Top of Source material

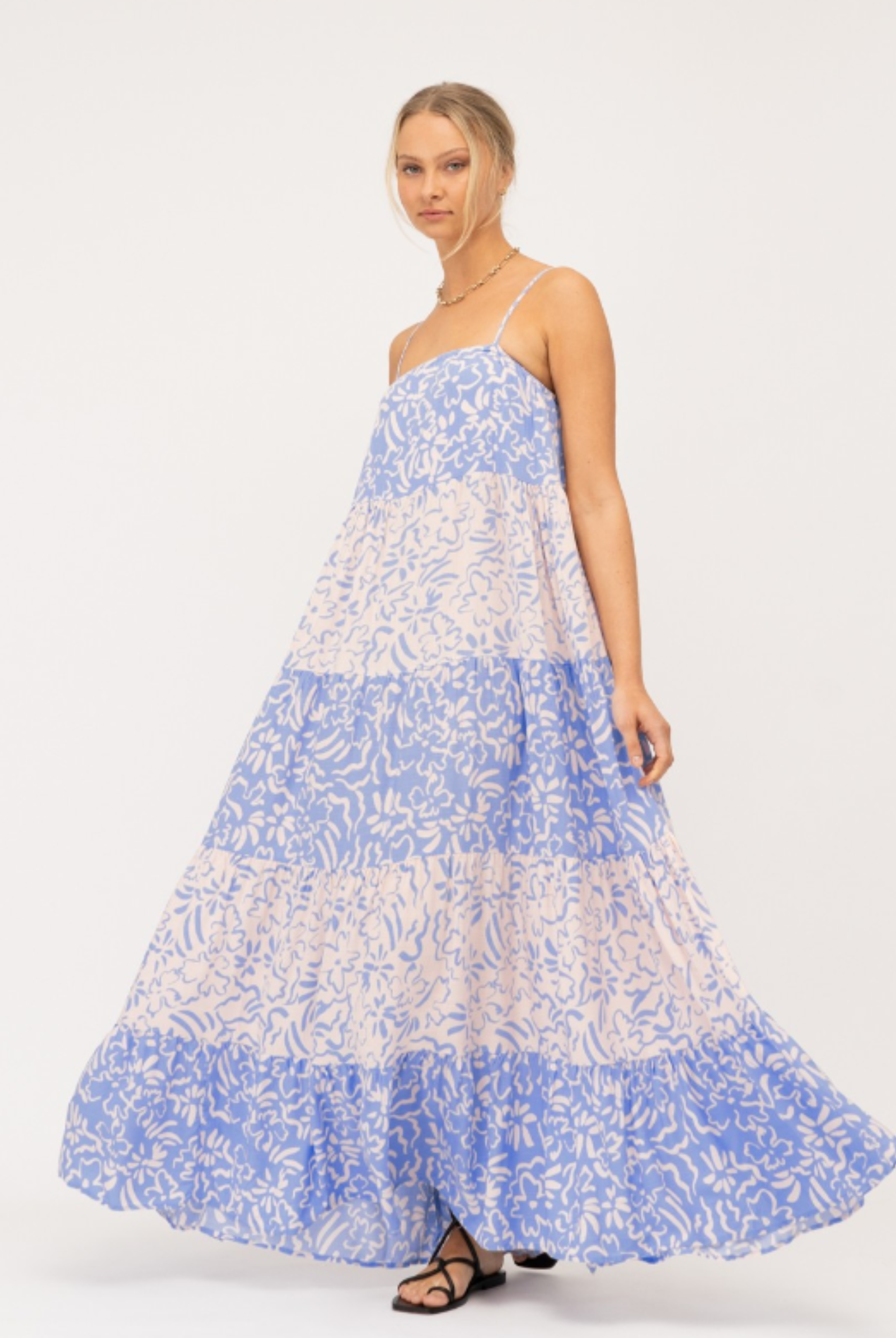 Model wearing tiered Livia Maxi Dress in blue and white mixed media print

Bottom of Source material
Top of Source material

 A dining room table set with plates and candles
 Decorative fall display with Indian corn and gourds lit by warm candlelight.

Bottom of Source material
Top of Source material

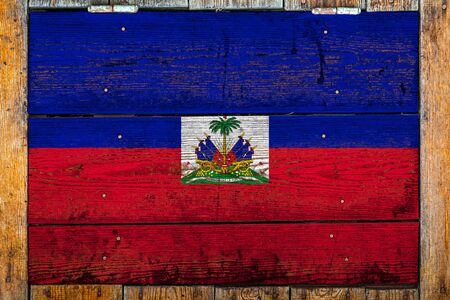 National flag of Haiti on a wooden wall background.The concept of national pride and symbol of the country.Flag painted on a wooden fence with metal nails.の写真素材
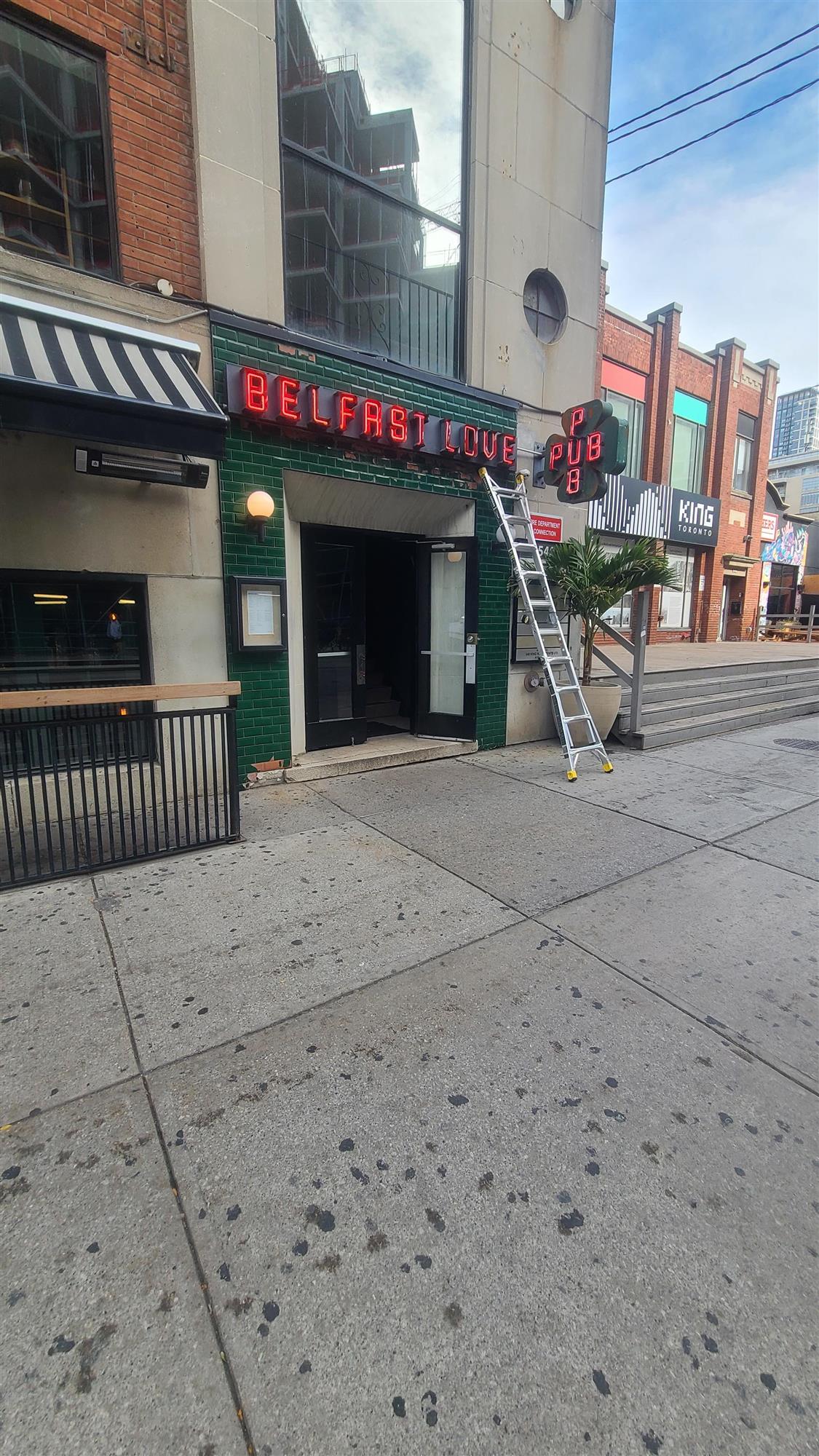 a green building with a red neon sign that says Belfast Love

Bottom of Source material

→ What needs to be done
Beginning with the line above that contains "National flag of" and finishing with the line that contains "a green building", print those lines exactly and only. Skip all pictures.

→ Response to the task
 National flag of Haiti on a wooden wall background.The concept of national pride and symbol of the country.Flag painted on a wooden fence with metal nails.の写真素材
 a green building with a red neon sign that says Belfast Love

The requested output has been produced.